If you’re on an exploratory journey, and you enjoy the intellectual challenge and sometimes “sleuth work” of playing with various hardware and software configurations, it’s likely that you’re not operating against a timeline set by your boss, or some kind of business or research imperative. In this setting, it may be perfectly fine follow a meandering path as you piece together a system including GPU’s, drivers, libraries, and deep learning frameworks that interest you, sifting through potentially hundreds of pages of documentation, as you take on the role of “system integrator”.
However, if your efforts are steered by an overriding need to derive insights from data, as fast as possible, you likely need a simpler, accelerated path to get there. In such cases, you’ll want to take advantage of “solution-ized” platforms or appliances like the NVIDIA DGX-1 or DGX Station that integrate all the componentry you need, and are validated via published benchmark testing, delivering quantifiable performance on the frameworks you care about. Such appliances should be evaluated on the basis of how “plug-and-play” they are, and whether the turn-up experience is intuitive, guiding you through a simple administrative interface that’s easy to navigate, as you manage datasets, allocate resources, and schedule jobs.
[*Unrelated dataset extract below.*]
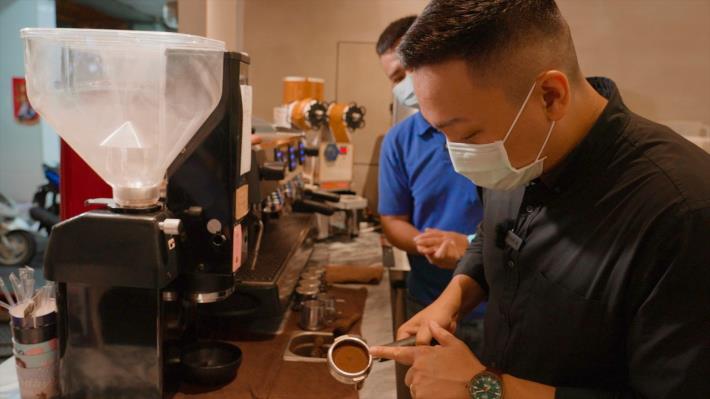 圖1.高雄市政府青年局長張以理(右)訪視110年青創補助店家「琲甞咖啡」參與咖啡製作過程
This mode of deployment prevents you from having to wear an “IT admin” hat, and lets you jump into training neural nets as fast as possible, getting up and running in as little as one day.
Another aspect of getting faster insights is the performance of the hardware and software working together in concert. The benefit of GPU-optimized deep learning software stacks, is the ability to reach much higher speed-up factors on deep learning training than possible with GPU hardware alone. NVIDIA DGX Systems see a 30% increase in deep learning performance compared with other systems built using the same Tesla V100 GPU’s, but lacking integrated, optimized deep learning software. The important takeaway here is that, even if you build an A.I. system on your own, using the absolute latest GPU technology, that system would still be at a performance disadvantage relative to an integrated hardware and software system that’s fully-optimized and software-engineered for maximum performance of each deep learning framework.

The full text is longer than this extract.